Tuesday, December 27, 2011

The Paragraph.


As someone who just paid $126.90 to bring my family of four across the waters from the Lower Mainland to Victoria, I have a question.....


This was written by a consulting company working for BC Ferries that served them up a poop sandwich on the German-built 'Coastal Celebration' ferries more than four years ago.

And just in case you missed it, here is the really stinky bit, some of which was likely smeared on the Duke Point dock last week, is stuck right in the middle:

"....The primary drawback is at the dock; when the nearly-feathered propeller is rotating at full RPM, any failure in pitch control could have severe consequences..."
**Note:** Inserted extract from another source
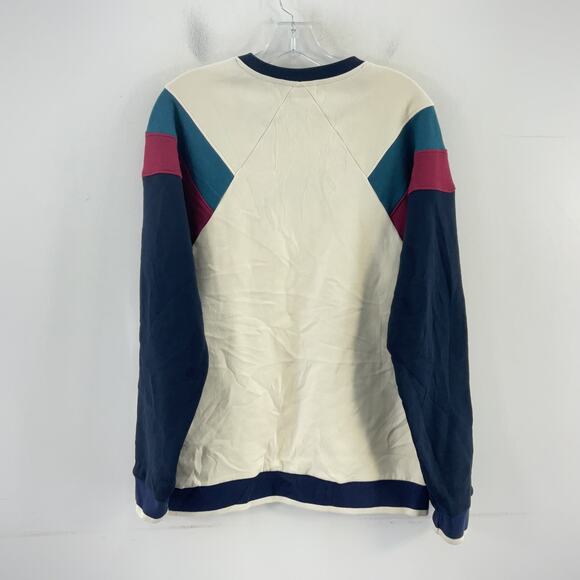 Alma de Ace Cream/Navy Color Block Sweatshirt Men’s Large Cotton Blend Preowned - Picture 2 of 5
So, given that, according to the most excellent 'Tidal Station' blog, this problem with 'changing pitch' has happened before, but far enough from the dock that it could be corrected manually, why isn't every single proMedia outlet in this province screaming at BC Ferries asking how, exactly, this is being fixed and why, exactly, the other German built ferry that, presumably, also has the same propulsion system, is still running.



Some may say I am being hyperbolic here.

To those, I would respond with the following....

First.... A consulting company working for BC Ferries identifies their propulsion design choice as being a potential problem...

Second...That design decision, based on what we have been told so far, appears to have perhaps, contributed to a crash at a dock that injures people...

Third...The media does not scream long and hard at BC Ferries demanding to know what actually happened, second-by-second, and how they are actually fixing the propulsion problem...

This is pure lunacy.

Not to mention dangerous.

*I called it a 'crash' above because I agree with Chris Montgomery that calling these things 'hard landings' when you destroy a dock, mash a door, and injure people is pure unadulterated bullshit (although Chris is much more polite with her language than I am).
In addition to 'Tidal Station' and Ms. Montgomery's 'On The Waterfront', Dave at The Galloping Beaver, who points out that the only reason you can read the consultant's reported cited above is because it was rooted out by an FOI request, is also doing the job that the proMedia are not on this issue.



West End Bob said...

The term proMedia is giving them too much credit, RossK.

Corporate Media or perhaps even BoughtandPaidforMedia are much more accurate terms when referring to that crowd.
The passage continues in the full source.